Without the pictures, print the lines from the one holding "Reiker Revolution 0760524" through the last line below, both included, exactly as they stand.

::: Supplied entries :::

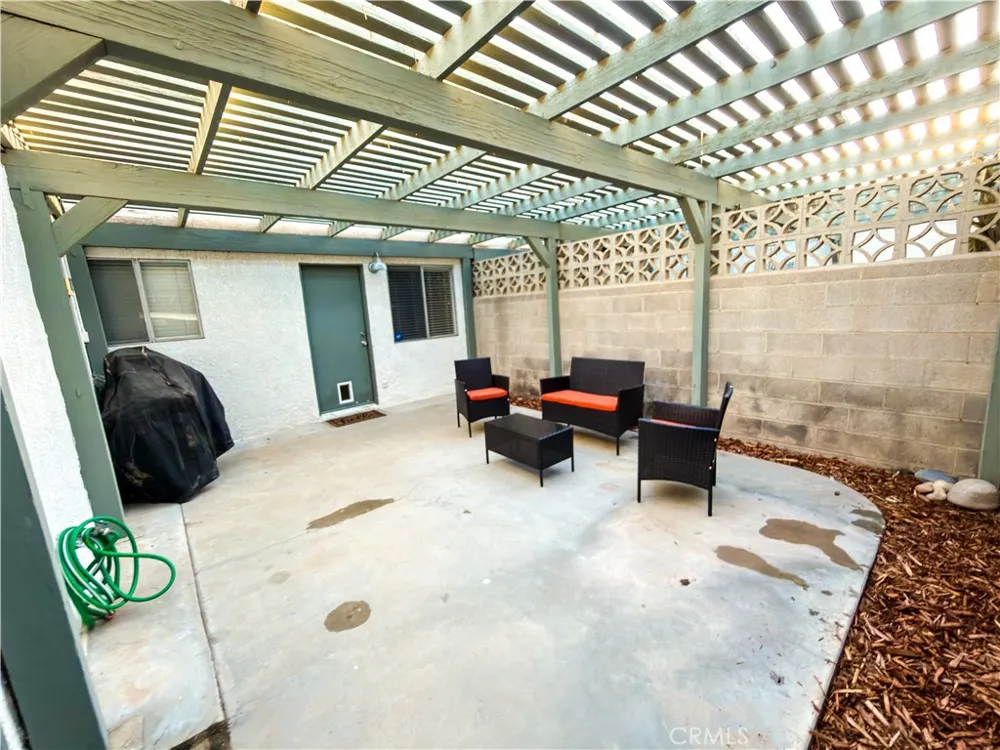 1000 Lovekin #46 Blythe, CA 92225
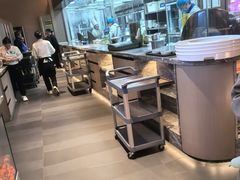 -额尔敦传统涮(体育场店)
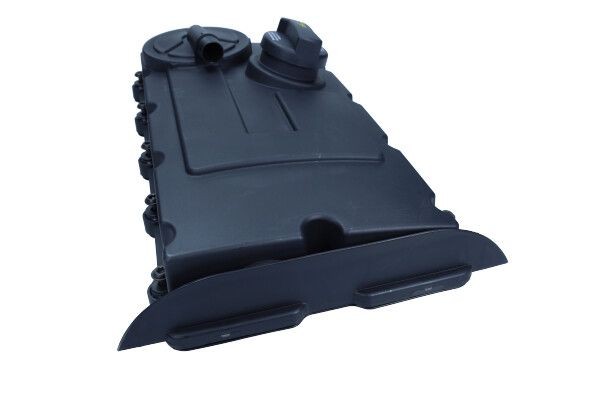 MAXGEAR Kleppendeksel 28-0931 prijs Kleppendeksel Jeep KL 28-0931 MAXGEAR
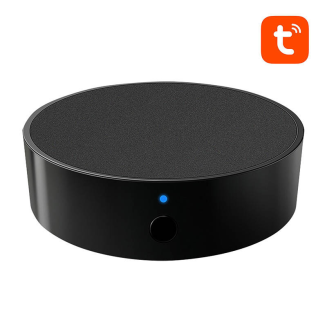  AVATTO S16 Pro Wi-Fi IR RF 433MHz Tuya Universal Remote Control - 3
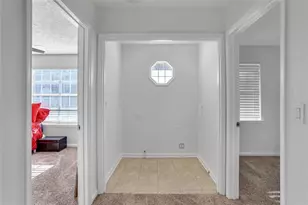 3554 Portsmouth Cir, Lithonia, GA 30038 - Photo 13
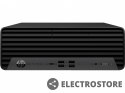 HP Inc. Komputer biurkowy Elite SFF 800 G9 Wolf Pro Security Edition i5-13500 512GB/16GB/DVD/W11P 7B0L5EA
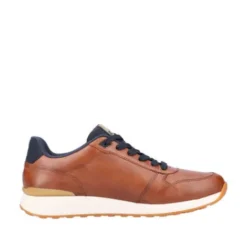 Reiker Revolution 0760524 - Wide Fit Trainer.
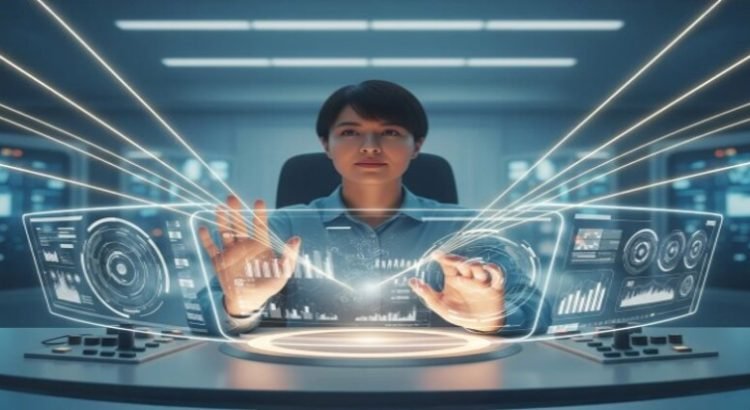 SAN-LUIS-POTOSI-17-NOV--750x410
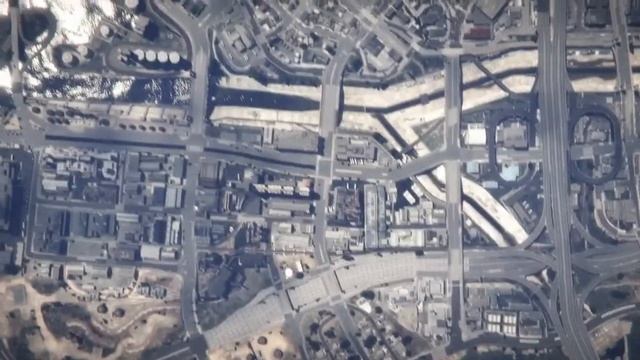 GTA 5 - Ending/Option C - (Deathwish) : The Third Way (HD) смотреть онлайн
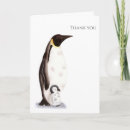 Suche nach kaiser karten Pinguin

:::

Task solution =>
 Reiker Revolution 0760524 - Wide Fit Trainer.
 SAN-LUIS-POTOSI-17-NOV--750x410
 GTA 5 - Ending/Option C - (Deathwish) : The Third Way (HD) смотреть онлайн
 Suche nach kaiser karten Pinguin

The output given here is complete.